**Activity:**
In the entries below, find the line containing "12 Pcs Neutral" and the line containing "Light green teardrop". Copy those two lines and everything between them exactly, and only that.

**Stored data:**
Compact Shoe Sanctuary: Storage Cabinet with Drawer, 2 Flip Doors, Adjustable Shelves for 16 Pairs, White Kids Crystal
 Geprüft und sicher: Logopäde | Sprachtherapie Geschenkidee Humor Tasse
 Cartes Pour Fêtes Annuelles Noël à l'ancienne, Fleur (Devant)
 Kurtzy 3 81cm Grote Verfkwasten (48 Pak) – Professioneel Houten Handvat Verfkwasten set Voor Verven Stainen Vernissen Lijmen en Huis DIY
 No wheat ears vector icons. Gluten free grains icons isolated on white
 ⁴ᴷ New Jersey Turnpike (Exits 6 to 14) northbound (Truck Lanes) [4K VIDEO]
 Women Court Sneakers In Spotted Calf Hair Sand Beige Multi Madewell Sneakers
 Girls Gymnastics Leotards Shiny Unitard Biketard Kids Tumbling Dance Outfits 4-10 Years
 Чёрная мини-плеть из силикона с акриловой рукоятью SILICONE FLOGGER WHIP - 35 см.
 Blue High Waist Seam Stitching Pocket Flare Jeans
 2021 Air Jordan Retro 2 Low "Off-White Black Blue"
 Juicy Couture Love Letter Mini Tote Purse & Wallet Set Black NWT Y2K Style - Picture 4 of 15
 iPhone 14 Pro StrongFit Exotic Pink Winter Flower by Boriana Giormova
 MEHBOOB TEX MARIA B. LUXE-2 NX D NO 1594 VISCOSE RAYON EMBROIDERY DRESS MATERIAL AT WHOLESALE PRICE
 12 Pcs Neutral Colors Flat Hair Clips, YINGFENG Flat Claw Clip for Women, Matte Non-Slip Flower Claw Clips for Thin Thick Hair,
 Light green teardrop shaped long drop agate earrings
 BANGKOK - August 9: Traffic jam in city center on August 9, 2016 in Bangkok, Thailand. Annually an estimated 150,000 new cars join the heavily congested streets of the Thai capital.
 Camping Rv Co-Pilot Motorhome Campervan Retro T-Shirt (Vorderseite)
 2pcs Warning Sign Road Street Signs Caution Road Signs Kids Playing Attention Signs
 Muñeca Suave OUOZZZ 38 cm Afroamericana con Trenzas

**Output:**
 12 Pcs Neutral Colors Flat Hair Clips, YINGFENG Flat Claw Clip for Women, Matte Non-Slip Flower Claw Clips for Thin Thick Hair,
 Light green teardrop shaped long drop agate earrings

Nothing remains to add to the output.